_GIVEN DATA_.
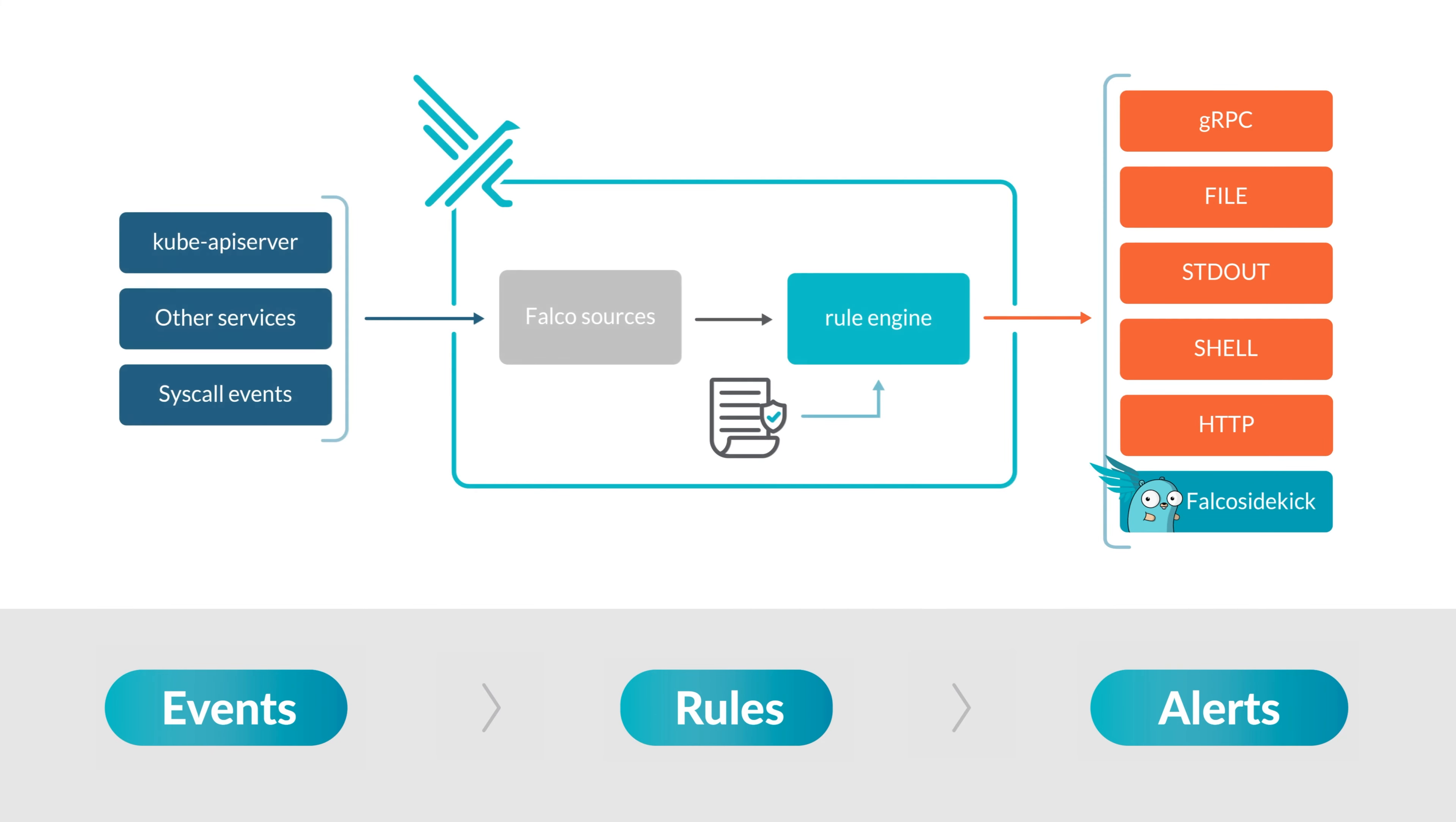Each component will be covered across multiple lessons during this course. You will learn how to set up Falco in your system, define the conditions that may identify a threat, and configure the alerts to use.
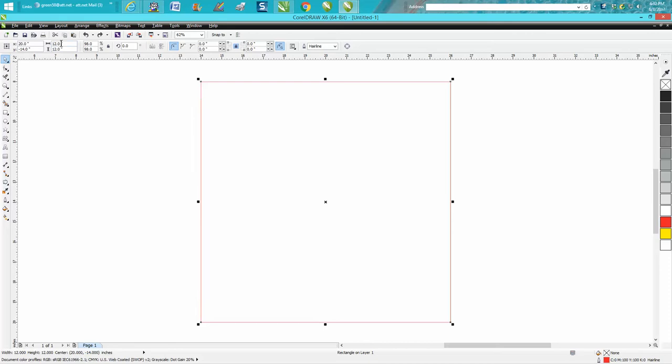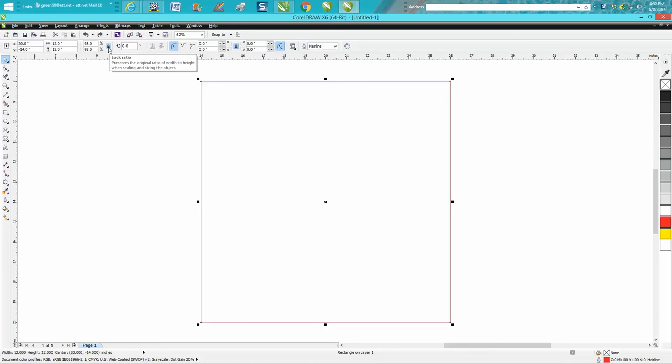I've got a box here that's 12 inches by 12 inches. This lock right here is your lock ratio. I wish Corel would make it a little bit bigger. It's hard to see, but it's unlocked right now.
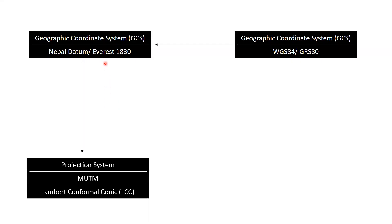With the help of this model, coordinates or data in WGS84 datum are transformed into Nepal datum. After the transformations, we project our data either into NUTM system or LCC system as per our interest.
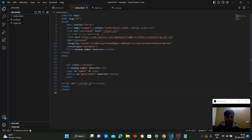The head section contains the meta tags and external links used by this page. We have used viewport meta tags for viewport settings and compatibility of the web page. We have also linked the CSS file for styling, linked the Bootstrap file from a CDN, and given the title as 'Random Number Generator'.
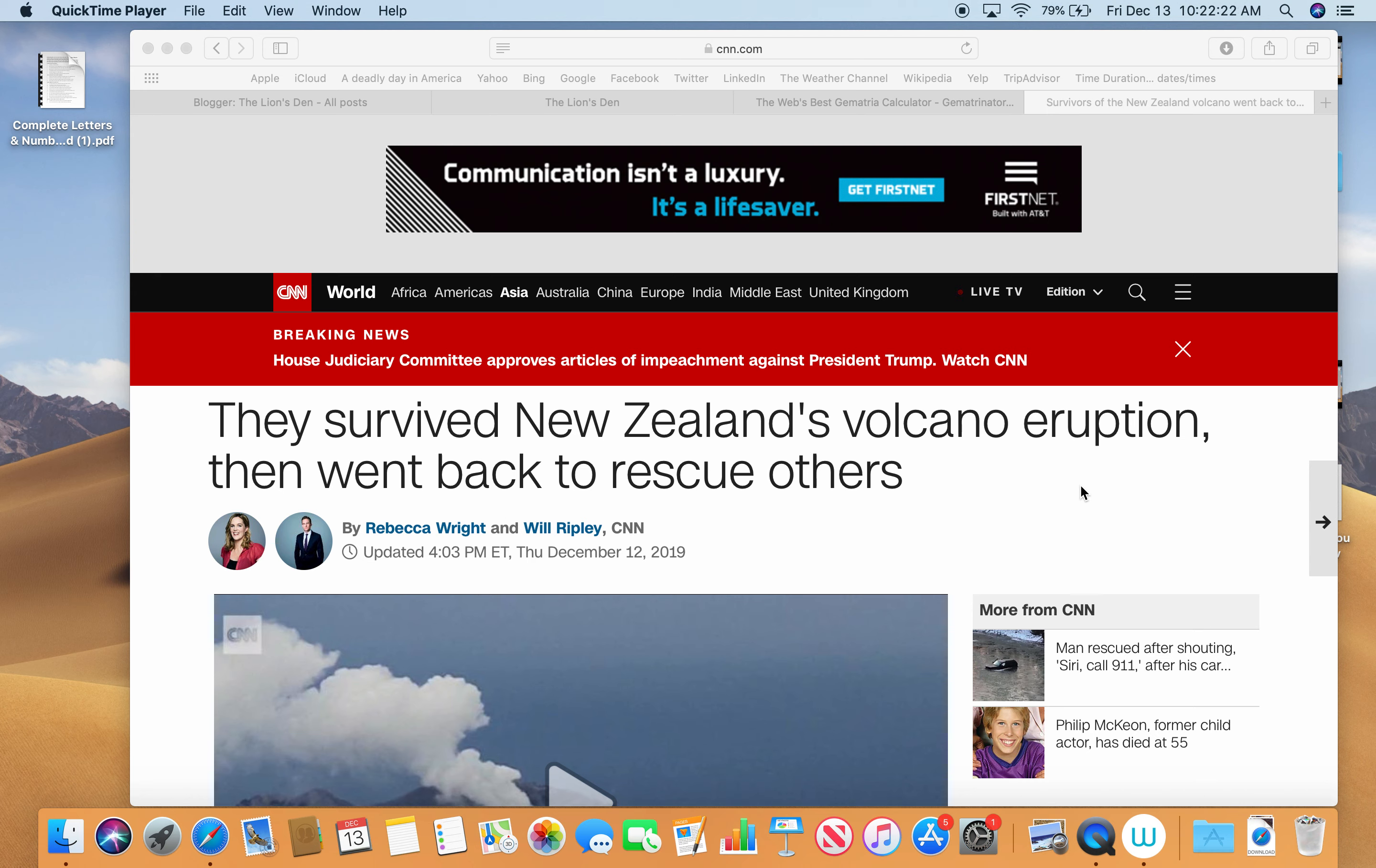Hi everyone, it's Dan for Numerical Lion. It's Friday, December 13th. I saw this story yesterday.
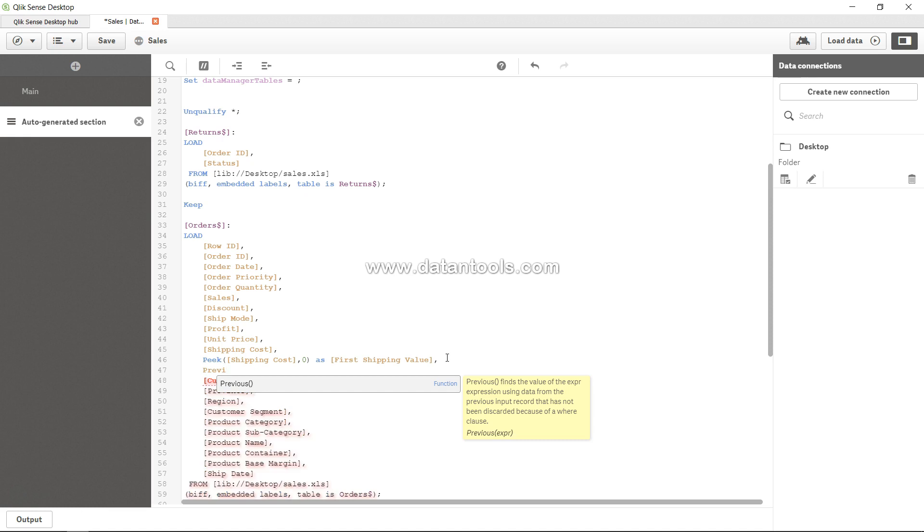As I type previous, you can see here it shows a quick explanation that previous finds the value of an expression using data from the previous input record that has not been discarded because of a where clause.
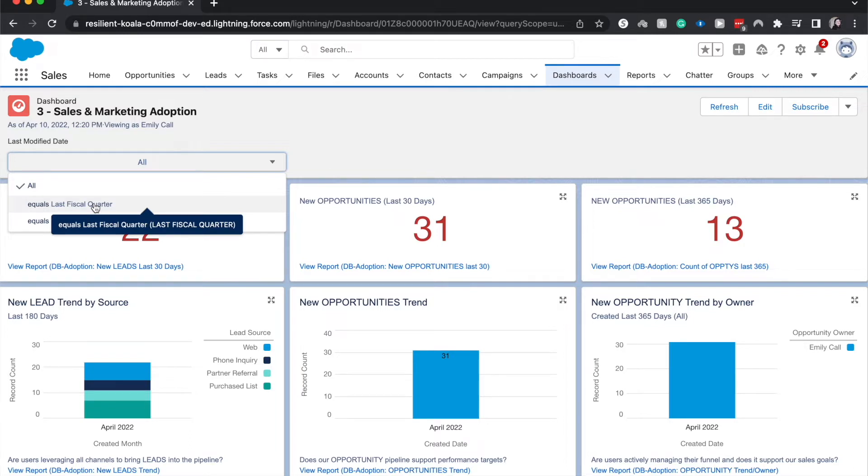Whereas filtering it by a running user allows us to see the dashboard how they would see it, based upon their security and their level in the hierarchy of the role hierarchy.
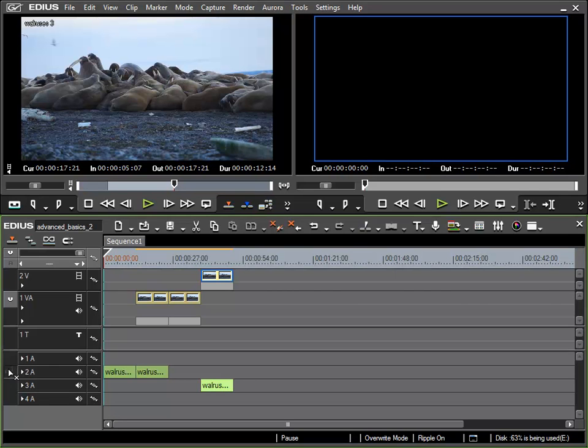By drag and drop, I will move the track destinations back to their starting positions, those being that both audio and video are placed on track 1VA.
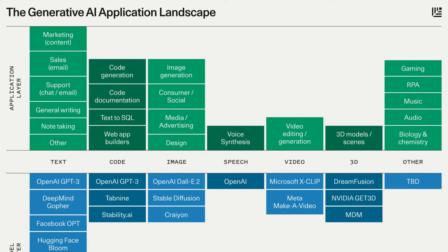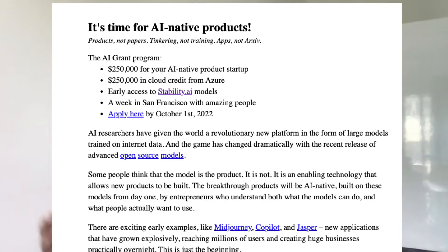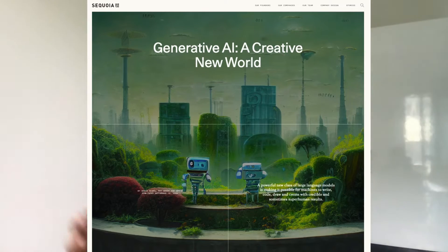Those applications are getting productized every single day. There is a grant called AI Grant from Nat Friedman specifically focused on companies building products on top of generative AI models. VCs like Sequoia have put out blog posts saying generative AI represents a new set of creative worlds. The fact that this is blowing up means products are being built every single day that can be used by anybody - not just tech enthusiasts or computer scientists.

_YOUR INSTRUCTIONS_.
With the pictures omitted, print the lines above exactly, beginning at the line with "Whereas filtering it" and going on through the line with "By drag and".

_THE COMPLETED TASK_.
Whereas filtering it by a running user allows us to see the dashboard how they would see it, based upon their security and their level in the hierarchy of the role hierarchy.
By drag and drop, I will move the track destinations back to their starting positions, those being that both audio and video are placed on track 1VA.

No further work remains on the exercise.